▶ _TRY IT_: Please transcribe the listing below in full, exactly as written, leaving out its pictures.

▶ _DATASET EXTRACT_:

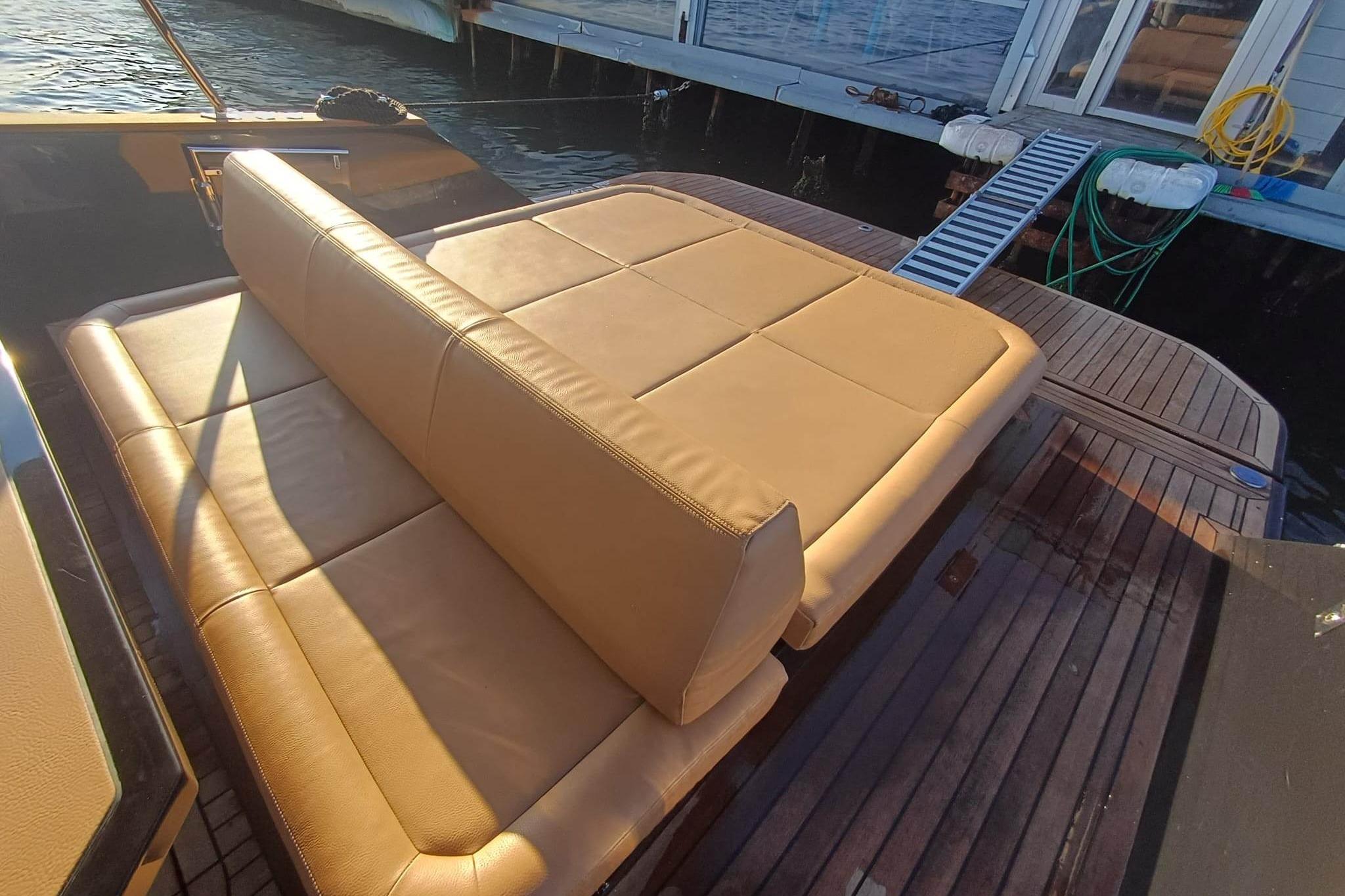 Luxury seating on 2024 Focus Forza 37 yacht, docked by the water.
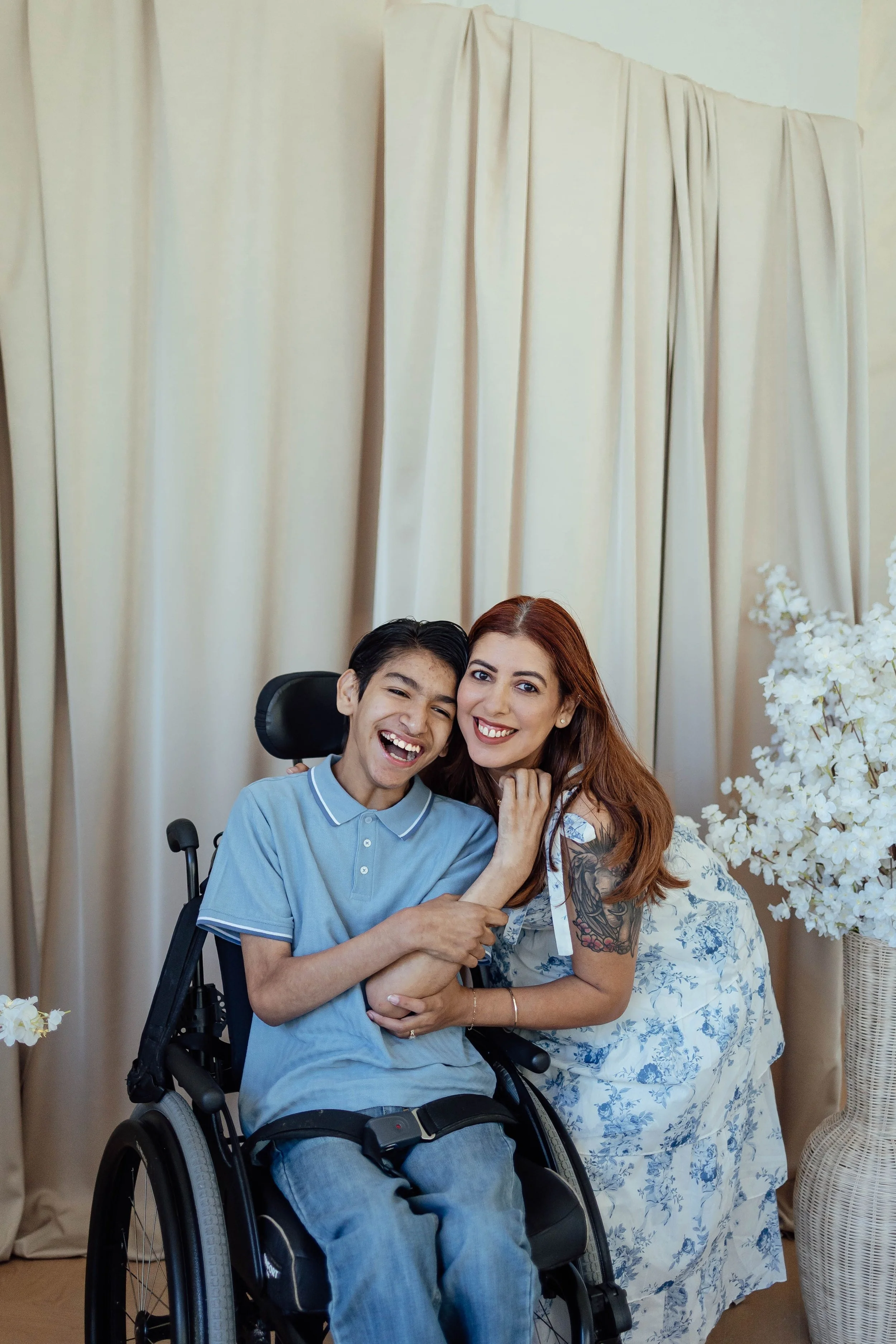 A young man with short dark hair and a woman with long red hair are smiling and hugging each other. The young man is sitting in a wheelchair. The woman has tattoos on her left arm. They are in front of beige curtains and next to a large vase with white flowers.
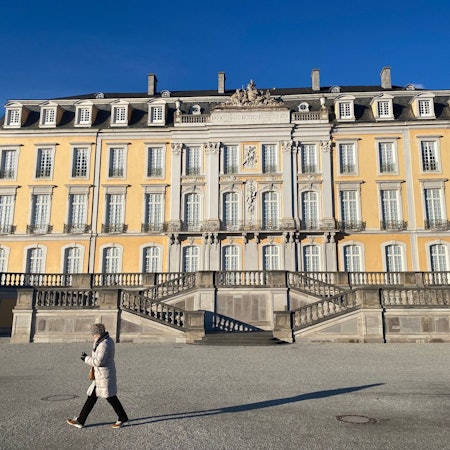 Eine Frau macht einen Spaziergang durch den Brühler Schlosspark. Im Hintergrund ist das Schloss zu sehen.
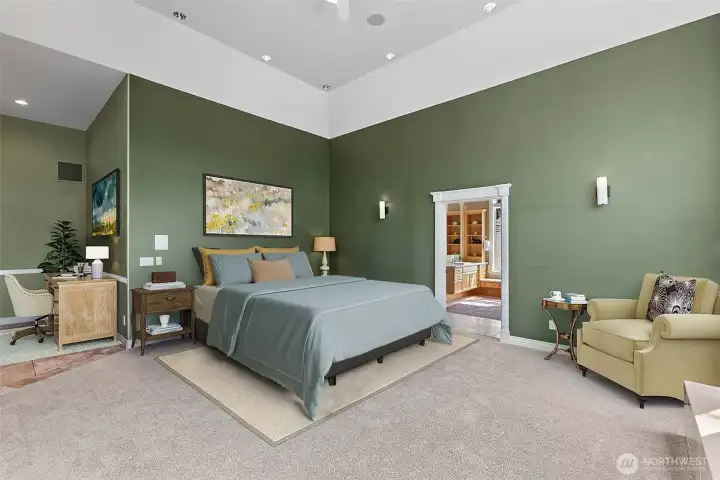 Primary suite highlighted by soaring vaulted ceilings...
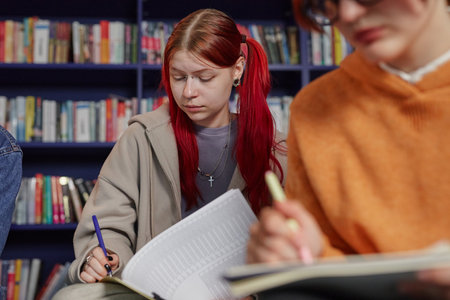 Teenage girl with red hair sitting in library studying and writing in notebook, looking down at paper, another young adult woman with glasses in foreground also writingの写真素材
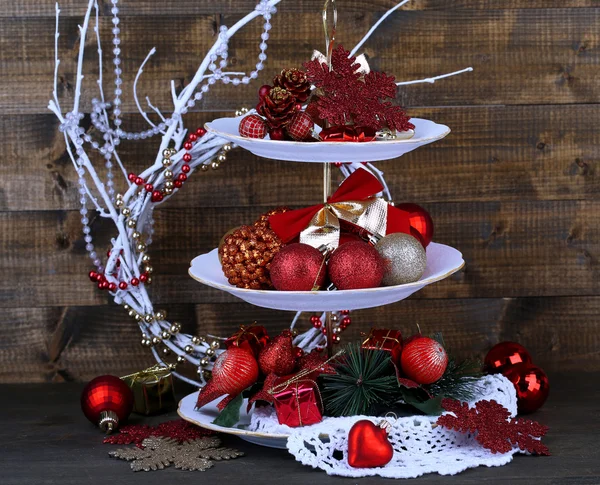 Christmas decorations on dessert stand, on wooden background — Stock Photo, Image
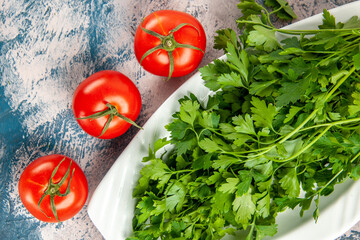 top view fresh greens with tomatoes on a light-blue background ripe salad photo meal color
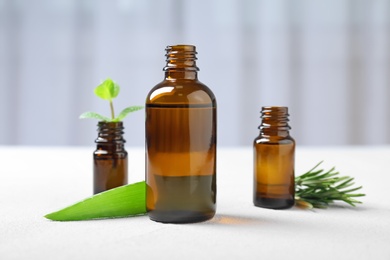 Photo of Bottles with essential oils and fresh herbs on table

▶ _OUTPUT FOR THIS TASK_:
 Luxury seating on 2024 Focus Forza 37 yacht, docked by the water.
 A young man with short dark hair and a woman with long red hair are smiling and hugging each other. The young man is sitting in a wheelchair. The woman has tattoos on her left arm. They are in front of beige curtains and next to a large vase with white flowers.
 Eine Frau macht einen Spaziergang durch den Brühler Schlosspark. Im Hintergrund ist das Schloss zu sehen.
 Primary suite highlighted by soaring vaulted ceilings...
 Teenage girl with red hair sitting in library studying and writing in notebook, looking down at paper, another young adult woman with glasses in foreground also writingの写真素材
 Christmas decorations on dessert stand, on wooden background — Stock Photo, Image
 top view fresh greens with tomatoes on a light-blue background ripe salad photo meal color
 Photo of Bottles with essential oils and fresh herbs on table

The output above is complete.